The teacher has more info on their VALLS. Ask for a ten minute phone call and they can explain.
Anonymous
Anonymous wrote:
Anonymous wrote:
Anonymous wrote:
Anonymous wrote:Is this similar to DIBELS?


It was virginias attempt to make their own Dibels. It measures similar things (RAN, ORF, blending, phoneme segmentation) it is better in a few ways but worse in others. Most notably as teachers we aren’t given bands of “risk” for sub tests, only overall. We have no way of knowing which sub score is weighted in the overall score. We also don’t know if the risk levels or the sub tests will change throughout the year, or if they will stay the same. It seems like we have been given half the information and are trying to make it work.


Why not use DIBELS? It’s free, easy, and is great information to share with parents.


I have no idea. The cynical side of me thinks because it keeps UVA school of education in business when there aren’t many students taking education classes anymore. The idealistic side thinks maybe given a little time, they can make a tool that fills in some of the holes of DIBELS.
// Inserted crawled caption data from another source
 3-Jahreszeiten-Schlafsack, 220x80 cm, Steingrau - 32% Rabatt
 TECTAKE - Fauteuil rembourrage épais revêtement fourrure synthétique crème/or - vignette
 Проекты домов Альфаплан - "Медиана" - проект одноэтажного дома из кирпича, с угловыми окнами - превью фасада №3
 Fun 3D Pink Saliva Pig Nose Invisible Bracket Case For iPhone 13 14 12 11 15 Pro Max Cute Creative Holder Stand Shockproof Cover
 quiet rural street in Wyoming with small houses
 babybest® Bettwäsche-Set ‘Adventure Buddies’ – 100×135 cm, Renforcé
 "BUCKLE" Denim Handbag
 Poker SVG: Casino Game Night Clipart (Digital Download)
Yeah - it replaced PALs which was developed by UVA, but now they are trying to make it align more with SOR.
Anonymous
Anonymous wrote:The VALLS is another piece of frustration added to this school year. It takes weeks to administer and we have to do it all again in January and May.
Anonymous
It VALLSS actually useful? It seems to show deficits well perhaps, but it doesn’t really seem to provide much other information as far as a ceiling goes for anyone else.
Anonymous
Anonymous wrote:It VALLSS actually useful? It seems to show deficits well perhaps, but it doesn’t really seem to provide much other information as far as a ceiling goes for anyone else.



We primarily use it to see who needs the (required)reading plan and daily intervention if found high risk. Depending on the school, moderate and low risk kids don’t get more attention beyond tier 1 but that can be a mistake for moderate kids because they can be easily fall into high risk in January.
Anonymous
The I-Ready was always meant to be a screener, to find kids that were not doing well. It is not meant to report to parents whose kids were doing well.

Of course, as a teacher, I could tell you which kids were struggling without all this testing. I also never understood why kids who were reading above grade level in class were forced to complete the I-Ready year after year, even with Pass Advanced SOL scores. Such a waste of time.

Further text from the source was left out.